These reactions, domestic and foreign, confirm that, on the one hand, Euroskepticism is popular in Britain and that, on the other, barring a degree of amicable flexibility from the German Chancellor, Mr. Cameron is going to find it difficult or impossible to have his reform proposals taken seriously by other European leaders. This does not mean that his strategy is doomed, but it does mean that tactics are a problem. In particular, the Prime Minister risks finding himself the slave, not the master, of events.

Seven tactical problems can readily be enumerated.

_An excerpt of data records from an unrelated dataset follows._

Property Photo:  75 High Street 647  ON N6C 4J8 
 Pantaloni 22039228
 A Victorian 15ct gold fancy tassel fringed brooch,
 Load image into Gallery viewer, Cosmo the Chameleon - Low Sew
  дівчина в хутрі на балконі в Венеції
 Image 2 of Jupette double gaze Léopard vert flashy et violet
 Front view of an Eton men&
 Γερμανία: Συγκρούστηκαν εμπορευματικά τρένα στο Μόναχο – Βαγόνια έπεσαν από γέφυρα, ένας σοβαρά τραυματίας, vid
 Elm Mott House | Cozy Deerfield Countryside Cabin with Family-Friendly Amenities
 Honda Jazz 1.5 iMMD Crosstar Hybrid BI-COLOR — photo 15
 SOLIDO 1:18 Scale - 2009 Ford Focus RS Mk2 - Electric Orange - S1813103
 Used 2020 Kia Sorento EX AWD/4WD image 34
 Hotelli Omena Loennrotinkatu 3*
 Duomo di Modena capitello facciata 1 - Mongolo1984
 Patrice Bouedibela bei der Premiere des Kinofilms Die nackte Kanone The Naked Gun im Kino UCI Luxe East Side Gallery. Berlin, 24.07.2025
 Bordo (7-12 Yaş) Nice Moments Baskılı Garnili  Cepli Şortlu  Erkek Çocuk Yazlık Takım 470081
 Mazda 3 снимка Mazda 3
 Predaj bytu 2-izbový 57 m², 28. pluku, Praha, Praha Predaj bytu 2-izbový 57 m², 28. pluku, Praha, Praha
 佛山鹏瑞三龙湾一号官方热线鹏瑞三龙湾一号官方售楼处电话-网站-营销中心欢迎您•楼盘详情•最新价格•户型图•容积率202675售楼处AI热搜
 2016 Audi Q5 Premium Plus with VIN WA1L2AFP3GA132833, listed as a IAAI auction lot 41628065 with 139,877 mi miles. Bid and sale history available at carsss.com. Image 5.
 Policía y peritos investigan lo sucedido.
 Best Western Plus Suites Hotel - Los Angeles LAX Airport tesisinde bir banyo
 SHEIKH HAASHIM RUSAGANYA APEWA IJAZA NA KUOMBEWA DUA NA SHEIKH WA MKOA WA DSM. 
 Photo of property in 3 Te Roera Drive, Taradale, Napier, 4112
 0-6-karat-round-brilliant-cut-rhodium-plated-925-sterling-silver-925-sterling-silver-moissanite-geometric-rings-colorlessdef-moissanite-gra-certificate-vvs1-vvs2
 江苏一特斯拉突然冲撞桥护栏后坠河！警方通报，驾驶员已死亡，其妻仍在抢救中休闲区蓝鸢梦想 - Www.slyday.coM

  1. The eurozone bloc and associated countries will press ahead with much greater integration whether Britain likes it or not. Arguments such as those advanced by Mr. Cameron for strengthening national parliamentary control and devolving power will get no further now than they did when Mrs. Thatcher put them in her famous speech in Bruges on September 20, 1988.[20] The “identikit European personality,” against which she warned then, is indeed what the European elites want, and they will run great risks to obtain it.
  2. Britain’s bargaining power is limited because, as noted, so many powers have already been ceded.
  3. The timetable for any British renegotiation, assuming that Mr. Cameron seriously intends one at all, is difficult. Nothing useful can be done before the summer of 2015 because it must be assumed that the Liberal Democrats within the coalition will block it. In the meantime, Europe will not stand still. A new treaty will be prepared.
  4. How will Britain react? If a majority Conservative government should be returned after the next election, a lengthy period of intense negotiation would probably be necessary—longer and more intense, anyway, than the few months of sham “renegotiation” by Harold Wilson’s government in 1975.[21] This is because Article 48 of the Lisbon Treaty formalizes and complicates the process, especially by involving the European Parliament, which (as its President’s words suggest) must be expected to be thoroughly obstructive. Mr. Cameron, however, must have achieved his renegotiation in time for the referendum he has promised in the first half of 2017.
  5. Mr. Cameron has expressed optimism that his campaign to shift the direction of Europe will be successful and that he will secure Britain’s position in it, despite the emergence of a dominant eurozone bloc. But if, as seems clear, he will have little to show for his efforts, he will then have a difficult choice. He will either have to pretend that he has achieved a lot and campaign in the ensuing referendum to stay inside the EU—his preferred choice—or have to advise coming out. He has given credence to so many dangers and disadvantages, however, that the latter course would cause him to find defending a policy of exit highly problematic.
  6. The problem would be acute within his own party. If he campaigns—as did the Conservative Opposition Leader of the day, Mrs. Thatcher, in the 1975 referendum alongside the other main party leaders—for a vote to stay in the EU, he will almost certainly (unlike her) find a majority, and perhaps an overwhelming majority of his highly Euroskeptic Conservative Party, against him. The “yes” lobby might well win, but this would leave Mr. Cameron’s own leadership in precisely the perilous shape that it was in before he promised his referendum in his recent speech.
  7. Indeed, Mr. Cameron’s speech, though politically skillful, made the practical options of renegotiation even more difficult than they would otherwise be. He repeatedly emphasized that he wanted Britain to be within “the Single Market,” which he described as “vital for British business and British jobs,” but he did not recognize that along with the European Single Market comes the European Acquis communautaire, the body of law that underpins it and is also a source of costly and burdensome regulation. It is thus not an unalloyed boon.[22] He dismissed the semi-detached arrangement enjoyed by Norway and Switzerland as unsuitable for Britain, but he did not recognize that both countries are doing remarkably well or that Britain, as a major European power and a global economy, would be in a better position to negotiate its own relationship with Europe. He likened membership in the EU to membership in NATO as a means of enhancing British global influence. This suggestion that Britain would carry less weight in the world outside the EU, much pushed by the British Foreign Office, may come back to haunt him. Moreover, there is no reason to believe it is true. Britain’s influence depends on its global reach, its language, its wealth, its defenses (particularly its nuclear deterrent), its membership in NATO, and its uniquely privileged security ties with the U.S.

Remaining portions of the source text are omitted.